For production deployments, we strongly recommend using the latest stable release to ensure you have all security patches.

Reporting a Vulnerability

Please do not report security vulnerabilities through public GitHub issues.

If you discover a security vulnerability in ExZarr, please report it by emailing:

security@exzarr.dev (or contact the maintainer directly at the email listed in mix.exs)
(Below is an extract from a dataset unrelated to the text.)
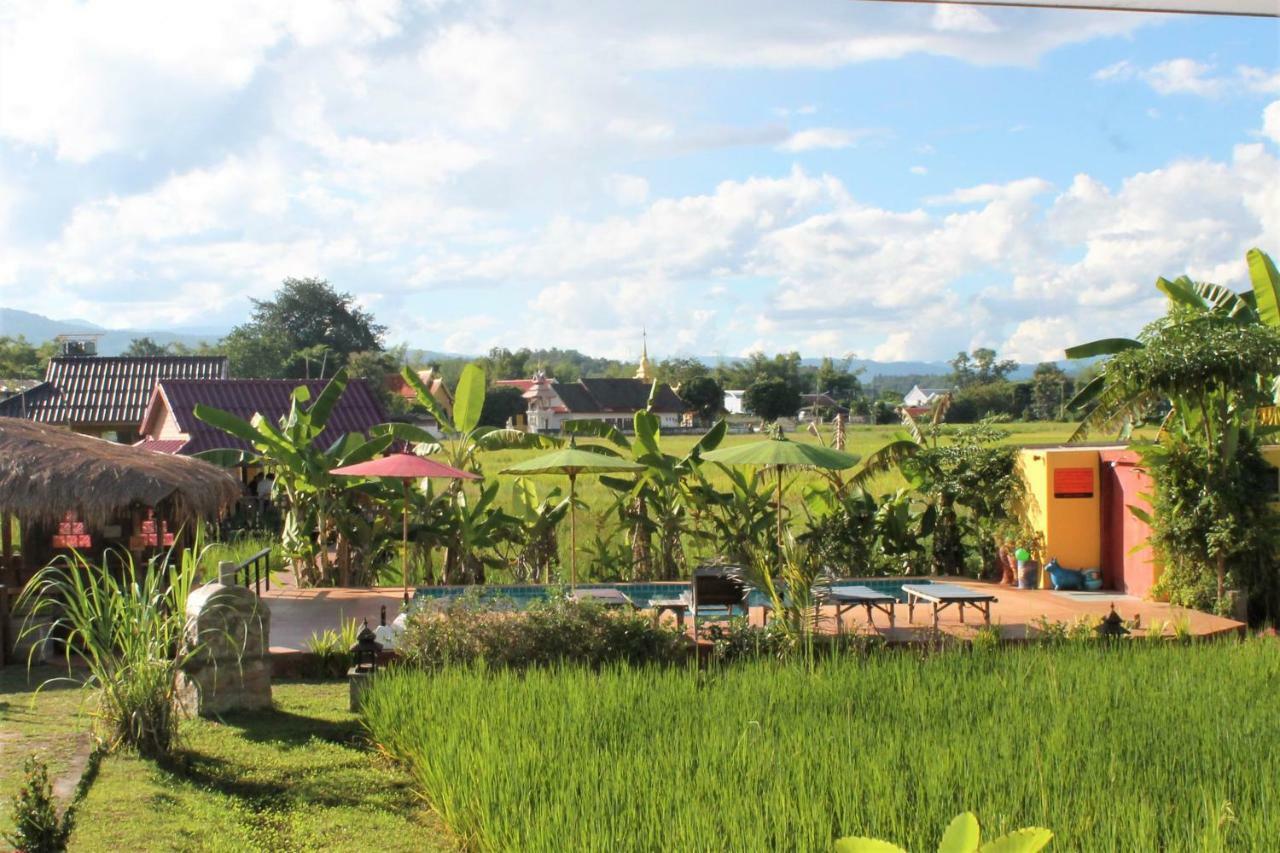 Country Retreat Hotell Mae Rim Eksteriør bilde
Please include the following information:

  • Type of vulnerability
  • Full paths of source file(s) related to the vulnerability
  • Location of the affected source code (tag/branch/commit or direct URL)
  • Step-by-step instructions to reproduce the issue
  • Proof-of-concept or exploit code (if possible)
  • Impact of the vulnerability, including how an attacker might exploit it

What to Expect

  • Initial Response: Within 48 hours, we'll acknowledge your report
  • Investigation: We'll investigate and confirm the vulnerability within 5 business days
  • Fix Development: We'll develop a fix and coordinate disclosure timeline with you
  • Public Disclosure: After a fix is released, we'll publicly disclose the vulnerability (with credit to you if desired)

We appreciate responsible disclosure and will acknowledge security researchers in our CHANGELOG.md.

Security Best Practices

For ExZarr Users

When using ExZarr in production, follow these security guidelines:

1. Input Validation

Always validate user inputs before passing them to ExZarr:

defmodule SafeZarr do
  @doc "Safely create array with validated inputs"
  def safe_create(opts) do
    with :ok <- validate_shape(opts[:shape]),
         :ok <- validate_chunks(opts[:chunks]),
         :ok <- validate_path(opts[:path]),
         :ok <- validate_dtype(opts[:dtype]) do
      ExZarr.create(opts)
    end
  end

  defp validate_shape(shape) when is_tuple(shape) do
    if Enum.all?(Tuple.to_list(shape), &is_integer/1) and
       Enum.all?(Tuple.to_list(shape), &(&1 > 0)) do
      :ok
    else
      {:error, :invalid_shape}
    end
  end
  defp validate_shape(_), do: {:error, :invalid_shape}

  defp validate_chunks(chunks) when is_tuple(chunks) do
    if Enum.all?(Tuple.to_list(chunks), &is_integer/1) and
       Enum.all?(Tuple.to_list(chunks), &(&1 > 0)) do
      :ok
    else
      {:error, :invalid_chunks}
    end
  end
  defp validate_chunks(_), do: {:error, :invalid_chunks}

  defp validate_path(path) when is_binary(path) do
    cond do
      String.contains?(path, "..") ->
        {:error, :path_traversal_attempt}
      String.starts_with?(path, "/etc") or String.starts_with?(path, "/sys") ->
        {:error, :restricted_path}
      true ->
        :ok
    end
  end
  defp validate_path(_), do: {:error, :invalid_path}

  defp validate_dtype(dtype) when dtype in [:i1, :i2, :i4, :i8, :u1, :u2, :u4, :u8, :f4, :f8] do
    :ok
  end
  defp validate_dtype(_), do: {:error, :invalid_dtype}
end

2. Path Traversal Prevention

Prevent directory traversal attacks by validating file paths:

defmodule PathValidator do
  @doc "Ensure path is within allowed directory"
  def validate_path(path, base_dir) do
    absolute_path = Path.expand(path, base_dir)
    absolute_base = Path.expand(base_dir)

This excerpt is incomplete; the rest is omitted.